Given material START
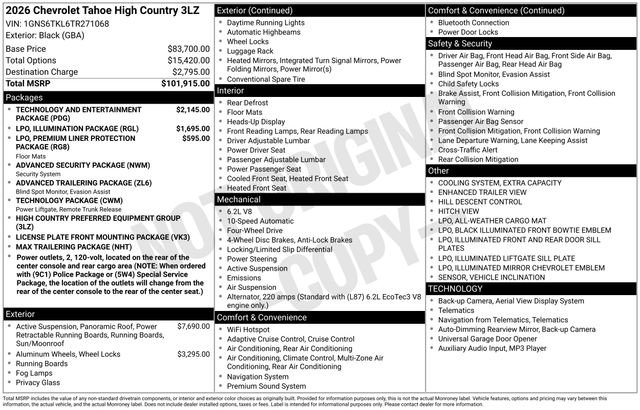 New 2026 Chevrolet Tahoe High Country AWD/4WD video 2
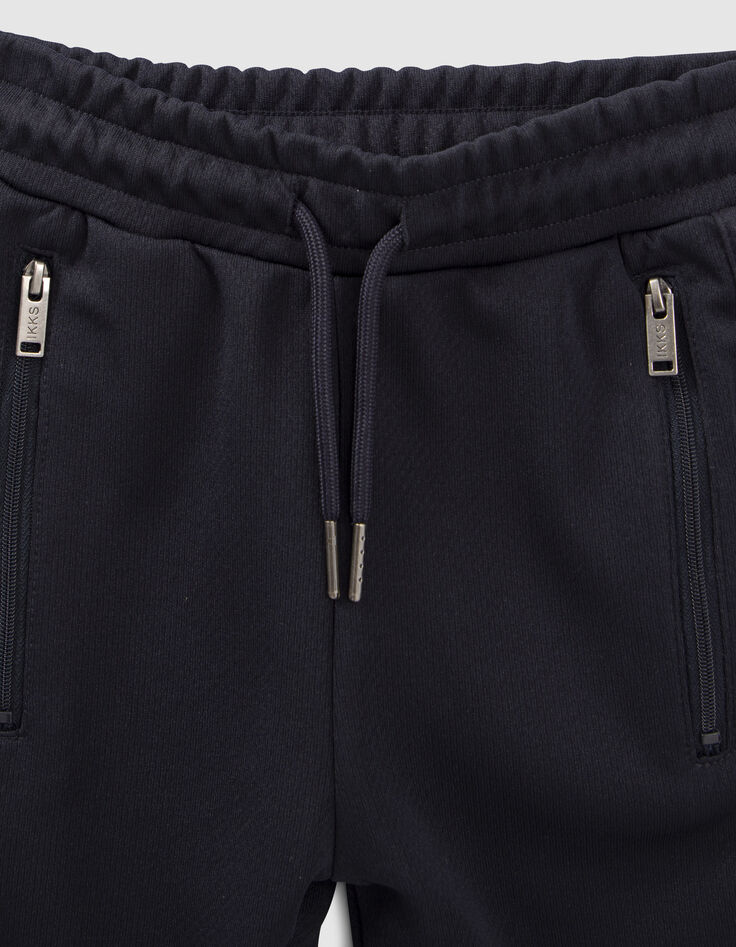 Boys&rsquo; navy joggers-2
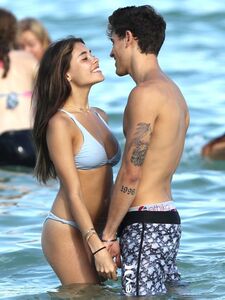 Madison Beer Camel Toe Public Bikini Set Leaked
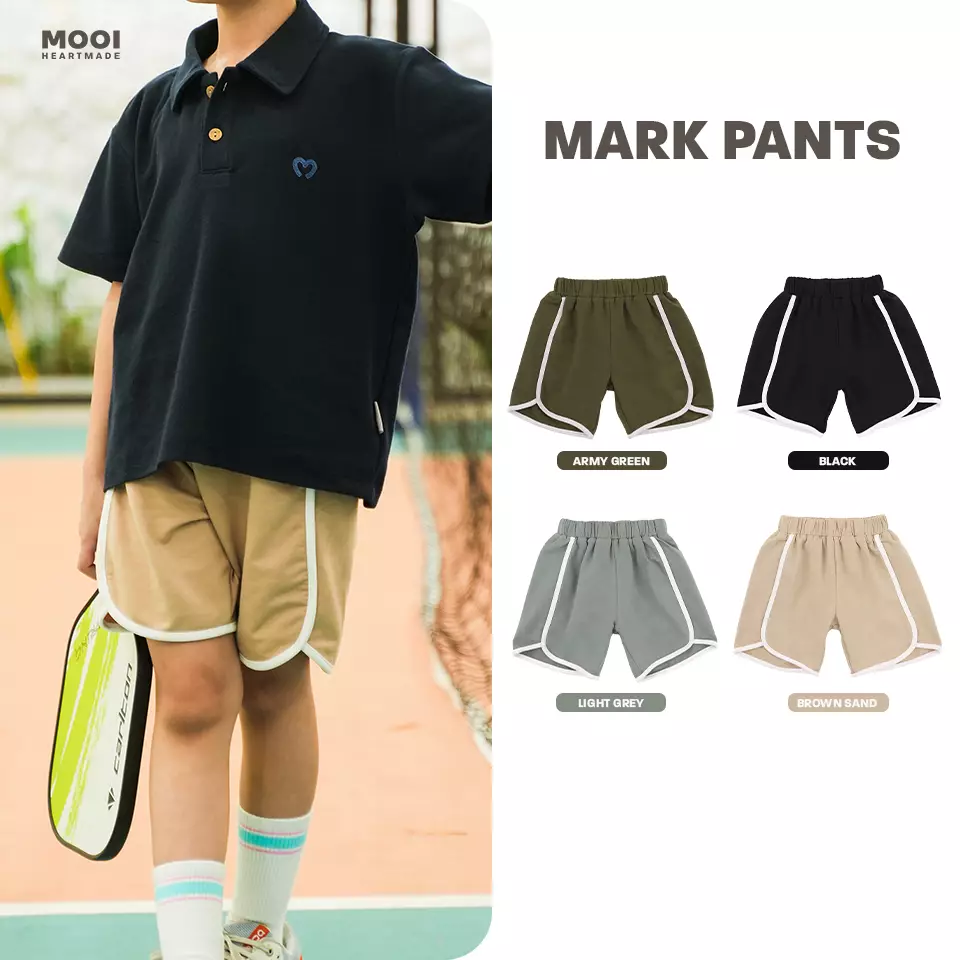 Mooi Celana Pendek Anak Laki - Laki Mark Pants Kids - Army Green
Given material END
#### What the task asks
The required output is each line above restated verbatim, with all images omitted.

#### Response below
 New 2026 Chevrolet Tahoe High Country AWD/4WD video 2
 Boys&rsquo; navy joggers-2
 Madison Beer Camel Toe Public Bikini Set Leaked
 Mooi Celana Pendek Anak Laki - Laki Mark Pants Kids - Army Green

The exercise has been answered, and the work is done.